Pero en el caso del secreto de confesión hay que añadir otros argumentos:
El arzobispo de Camberra apuntaba: “¿Qué agresor sexual confesaría a un sacerdote sabiendo que sería denunciado? Es la experiencia cotidiana de los pastores la que señala que los abusadores de niños no confiesan el crimen a la policía o a sacerdotes. Si se retira el secreto confesional, la remota posibilidad de que confiesen y sean aconsejados a informar del hecho se habría ido”.
Y alertaba de que la aprobación de esta ley amenazaría la libertad religiosa. Prowse recordó que los sacerdotes están obligados por un voto sagrado a mantener el secreto confesión. “Sin ese voto, ¿quién estaría dispuesto a desahogarse de sus pecados, buscar el sabio consejo de un sacerdote y recibir el perdón misericordioso de Dios?”.
Non solum sed etiam
Intentar criminalizar a los sacerdotes que mantengan su fidelidad sacerdotal cumpliendo el sigilo de la confesión es tirar piedras sobre el propio tejado de la justicia. Es arriesgarse a perder unos verdaderos cómplices de la justicia. Es no tener ni idea del Poder del Perdón y la Misericordia Divina.

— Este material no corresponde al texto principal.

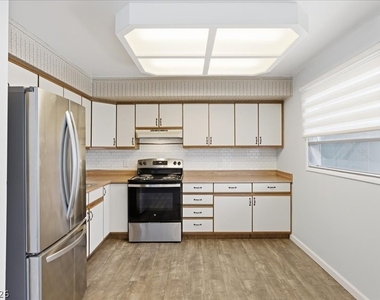 1700 Rexford Drive - Photo Thumbnail 17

No podemos descartar la posibilidad de que el sacerdote pueda ayudar al penitente para orientarle a una verdadera contrición, y de esta manera conducirlo hacia lo que “debe hacer”: Por ejemplo, aconsejarle que se presente en cualquier comisaría de policía y que declare que ha cometido un delito. Más aún, el sacerdote tiene la potestad de condicionar la absolución si no percibe un verdadero arrepentimiento, muestra del cual sería por ejemplo esa confesión a las autoridades.
Pero quiero recordar también que ese sigillum confessionis nos afecta a todos, tal y como se desprende del canon 983.2: “También están obligados a guardar secreto el intérprete, si lo hay, y todos aquellos que, de cualquier manera, hubieran tenido conocimiento de los pecados por la confesión”. En una interpretación extensiva serán también excomulgados de forma automática aquellas personas que capten mediante cualquier instrumento técnico (grabadoras…), o divulgue las palabras del confesor o penitente, ya sea la confesión verdadera o fingida, propia o ajena.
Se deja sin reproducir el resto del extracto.